§ EXERCISE: Print out the full material below, exact in every line, with no images included.

§ THE DATA:

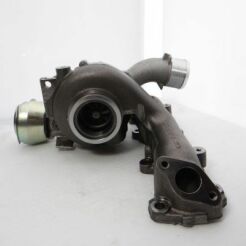 GARRETT Turbocompresseur  Fiat Croma II 1.9 JTD 767835-5001S 767835-5001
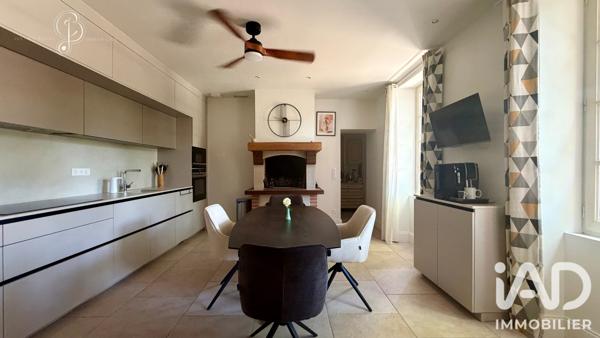 Maison à vendre 13 pièces 433 m² Labastide-Saint-Pierre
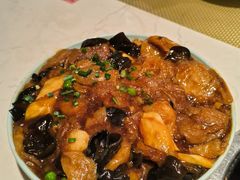 -欣旺·迎宾楼·百年无锡菜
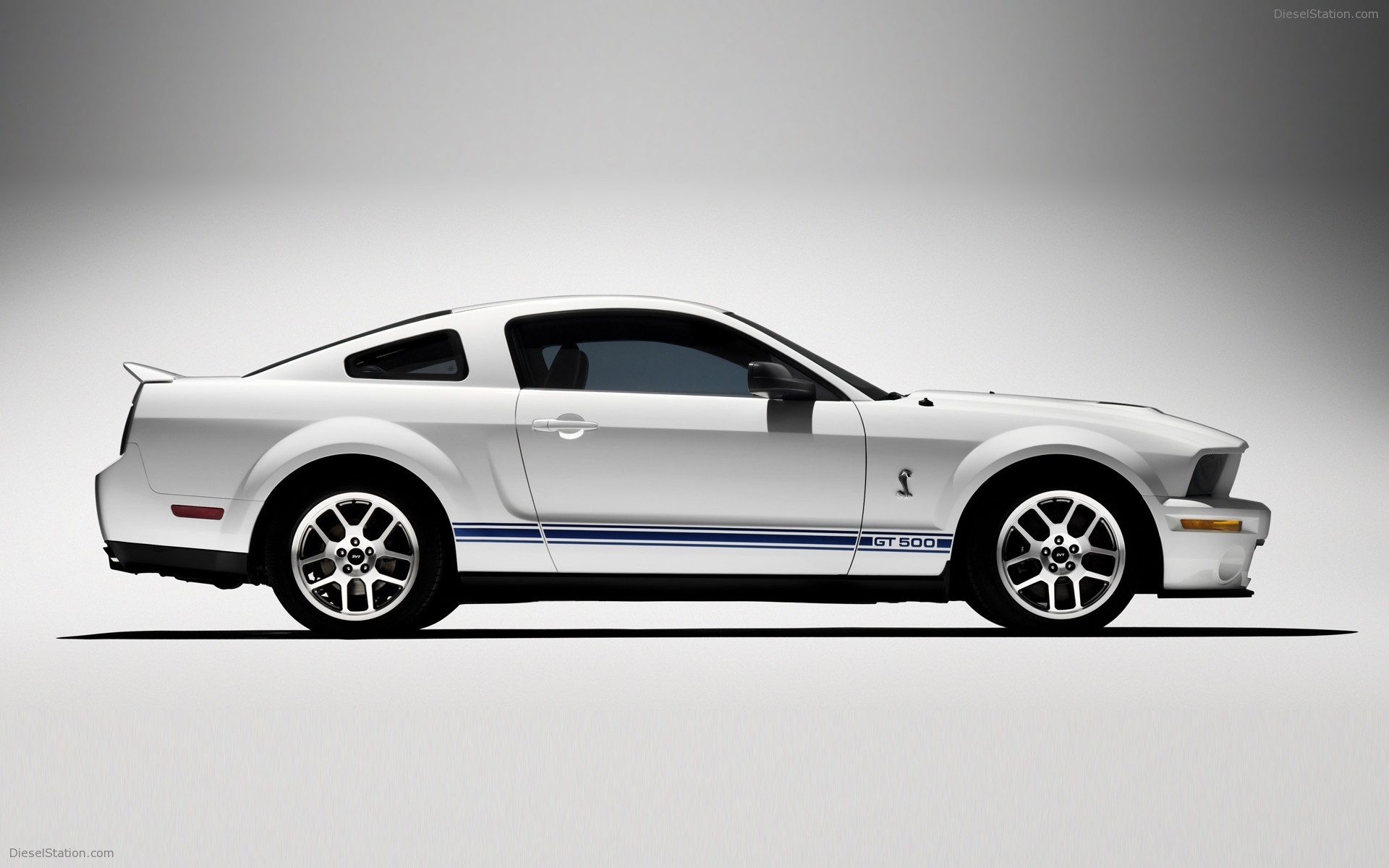 Ford Shelby Cobra GT500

§ PROBLEM SOLUTION:
 GARRETT Turbocompresseur  Fiat Croma II 1.9 JTD 767835-5001S 767835-5001
 Maison à vendre 13 pièces 433 m² Labastide-Saint-Pierre
 -欣旺·迎宾楼·百年无锡菜
 Ford Shelby Cobra GT500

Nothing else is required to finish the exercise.